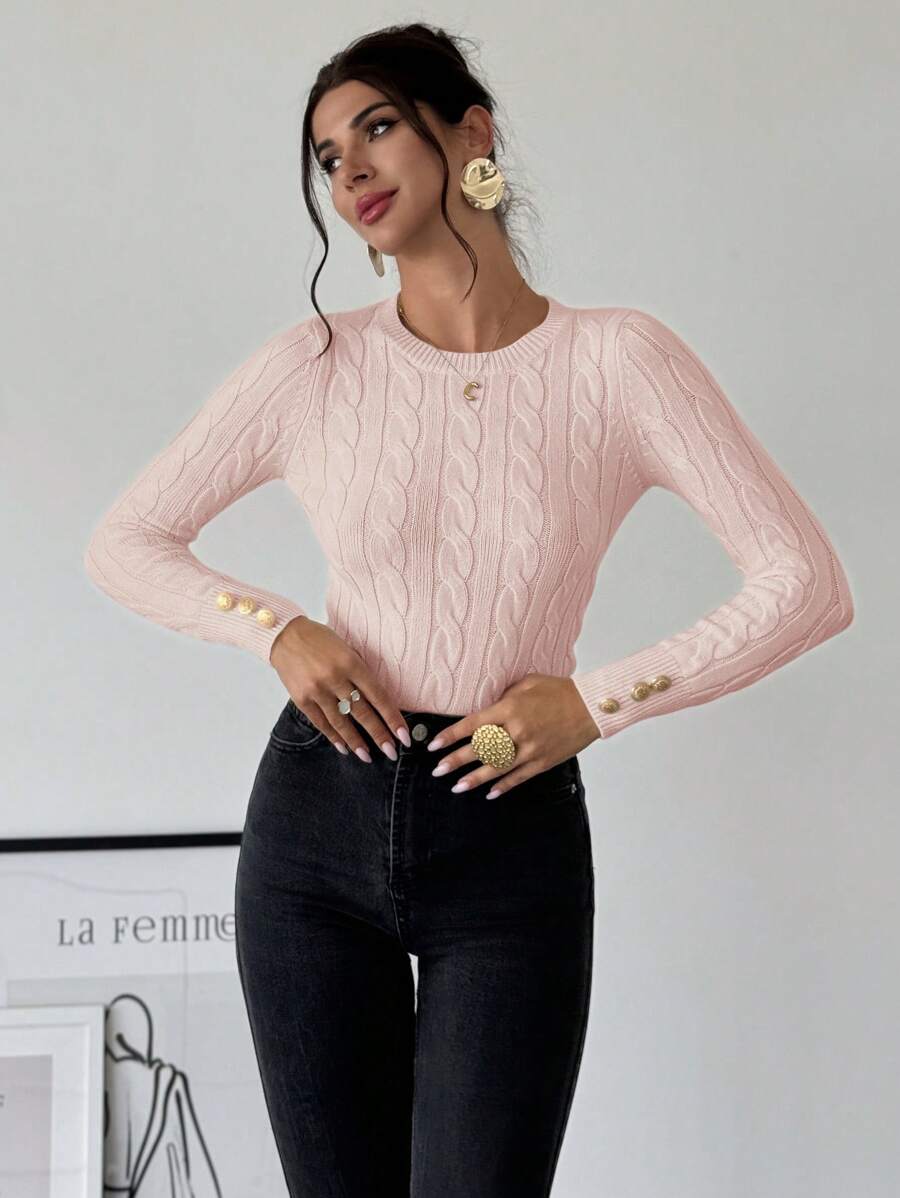 Firerie Women's Elegant Casual College Style Versatile White Crew Neck Cable Knit Button Decor Fitted Sweater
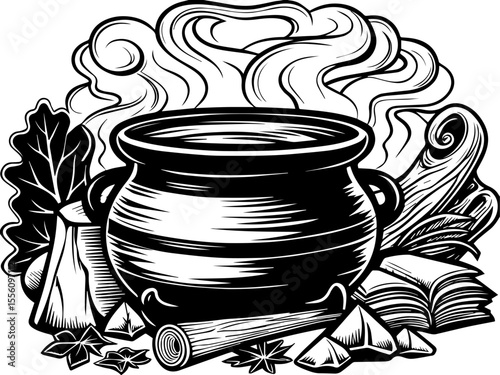 SVG capturing a slow lifestyle with Halloween horror vibes. Vintage Style Cauldron With Smoke, Herbs, and Magical Elements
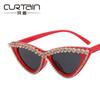 Diamond triangular cat's eye sunglasses New trendy fashion sunglasses Versatile personality exaggerated tide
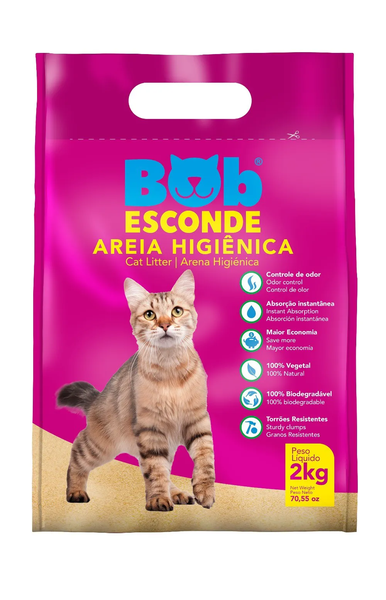 AREIA HIGIENICA EXTRATO MANDIOCA BOB ESCONDE 2KG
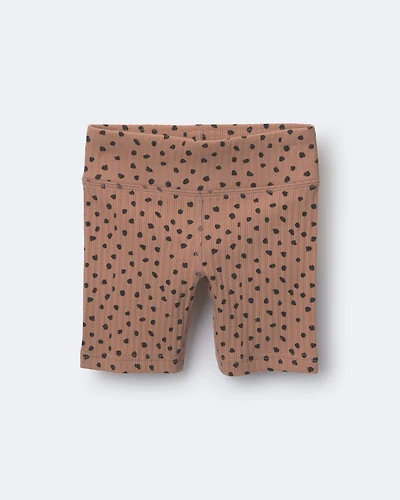 Toddler Girl Brooklyn Bike Shorts Dot Print - Tan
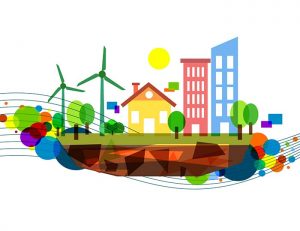Colorful wind energy concept illustration design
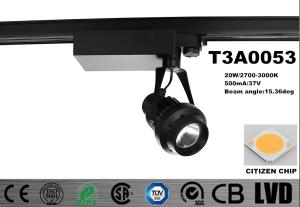 China 2700K - 3000K 20W LED Track Lighting Aluminum Housing with Good heat sink factory
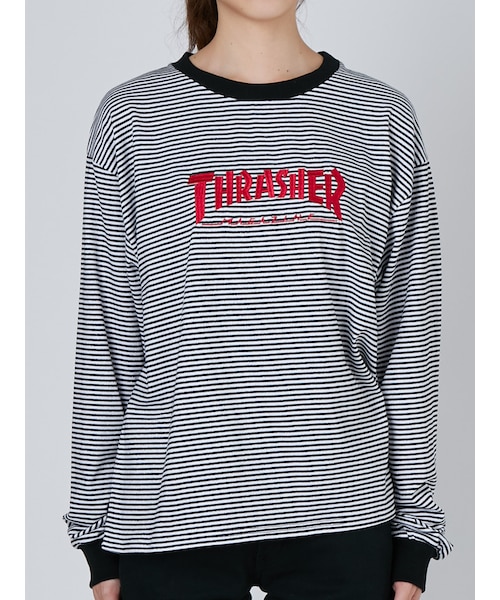 jouetie(ジュエティ)の「THRASHERボーダーロンT(トップス・レディース・ブラック/ピンク/ブルー)」の11枚目の写真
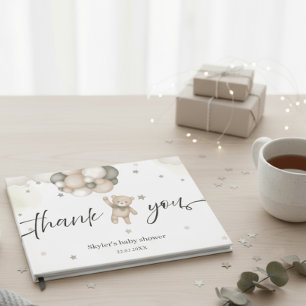 Teddy Bear Balloon Foil Baby Shower Guest Book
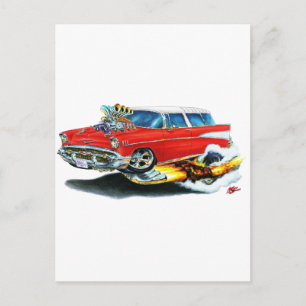1957 Chevy Nomad Red Car Briefkaart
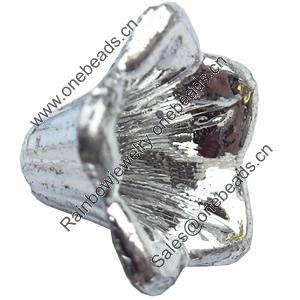 Electroplate Plastic Beads, Silver Color, Flower, 11x14mm, Hole:Approx 1.5mm, Sold by Bag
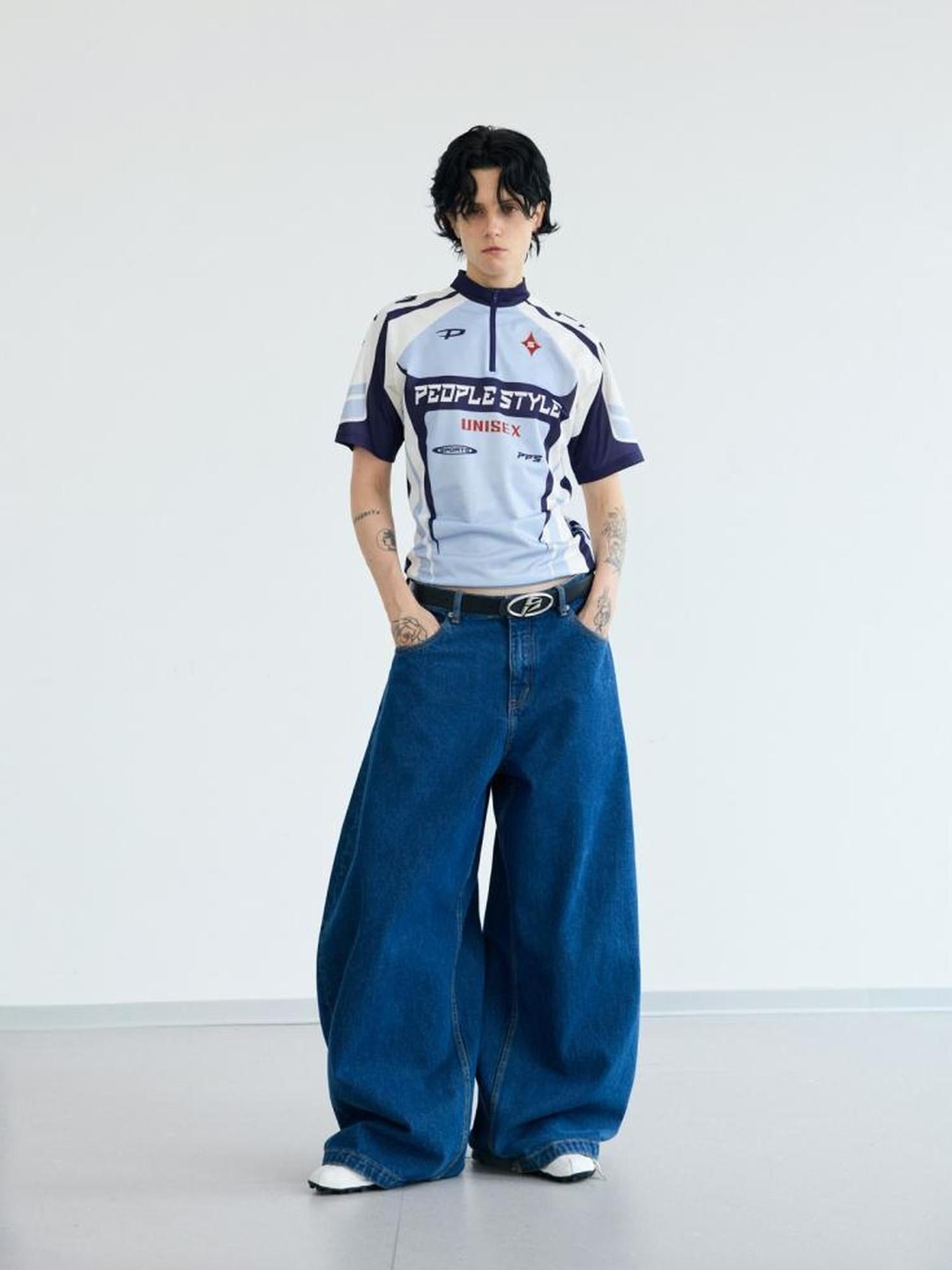 Peoplesense Retro Distressed Curved Blade Wide Leg Jeans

● ● ● ●

Print verbatim every line above, apart from the pictures.

 Firerie Women's Elegant Casual College Style Versatile White Crew Neck Cable Knit Button Decor Fitted Sweater
 SVG capturing a slow lifestyle with Halloween horror vibes. Vintage Style Cauldron With Smoke, Herbs, and Magical Elements
 Diamond triangular cat's eye sunglasses New trendy fashion sunglasses Versatile personality exaggerated tide
 AREIA HIGIENICA EXTRATO MANDIOCA BOB ESCONDE 2KG
 Toddler Girl Brooklyn Bike Shorts Dot Print - Tan
Colorful wind energy concept illustration design
 China 2700K - 3000K 20W LED Track Lighting Aluminum Housing with Good heat sink factory
 jouetie(ジュエティ)の「THRASHERボーダーロンT(トップス・レディース・ブラック/ピンク/ブルー)」の11枚目の写真
 Teddy Bear Balloon Foil Baby Shower Guest Book
1957 Chevy Nomad Red Car Briefkaart
 Electroplate Plastic Beads, Silver Color, Flower, 11x14mm, Hole:Approx 1.5mm, Sold by Bag
 Peoplesense Retro Distressed Curved Blade Wide Leg Jeans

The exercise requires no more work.